TASK TO COMPLETE: Repeat the listing that follows exactly. Pictures are not part of the copy.

COLLECTED DATA:
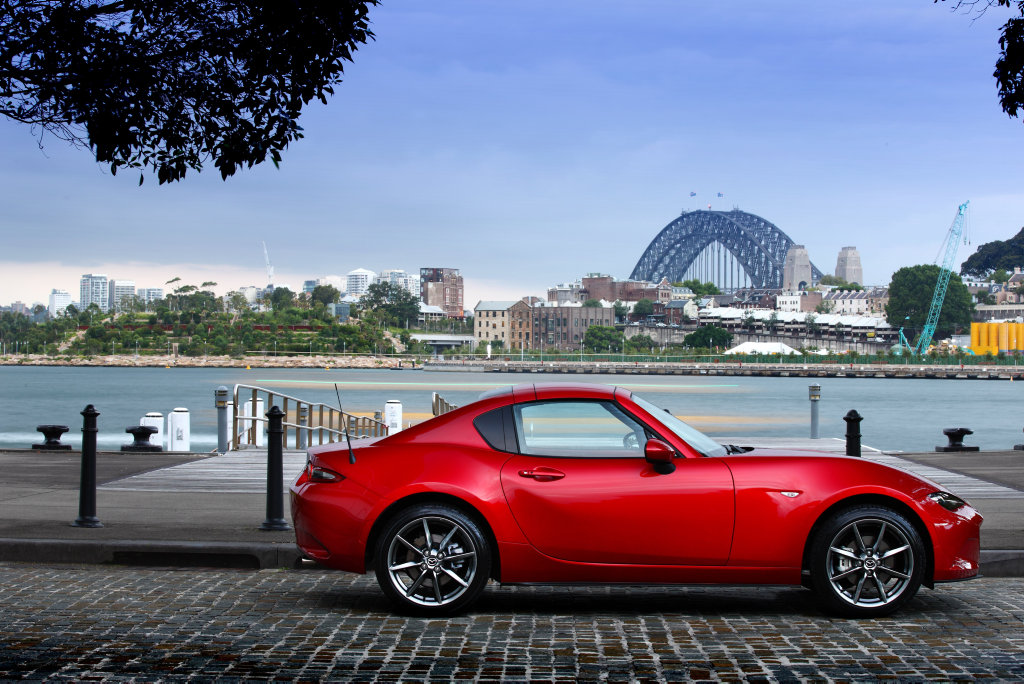 The Mazda MX-5 RF has an electrically operated hard-top retractable roof, adding broader appeal to those seeking open-top small sports car motoring. It starts from $38,550 before on-roads. The Mazda MX-5 RF has an electrically operated hard-top retractable roof, adding broader appeal to those seeking open-top small sports car motoring. It starts from $38,550 before on-roads.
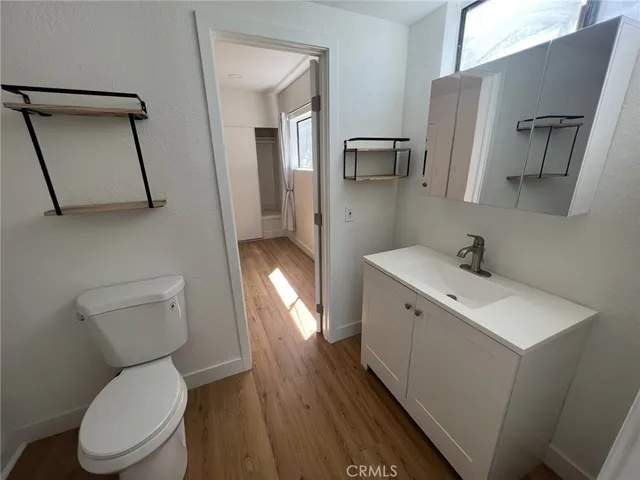 a spacious bathroom with a toilet sink and mirror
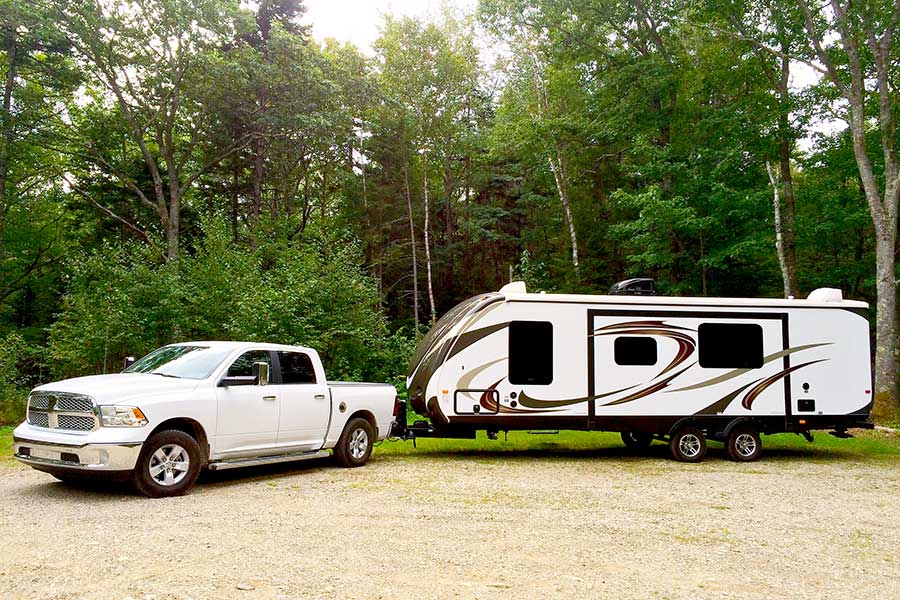 White Ram truck hooked to a camping trailer at state park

SOLUTION TO THE EXERCISE:
 The Mazda MX-5 RF has an electrically operated hard-top retractable roof, adding broader appeal to those seeking open-top small sports car motoring. It starts from $38,550 before on-roads. The Mazda MX-5 RF has an electrically operated hard-top retractable roof, adding broader appeal to those seeking open-top small sports car motoring. It starts from $38,550 before on-roads.
 a spacious bathroom with a toilet sink and mirror
 White Ram truck hooked to a camping trailer at state park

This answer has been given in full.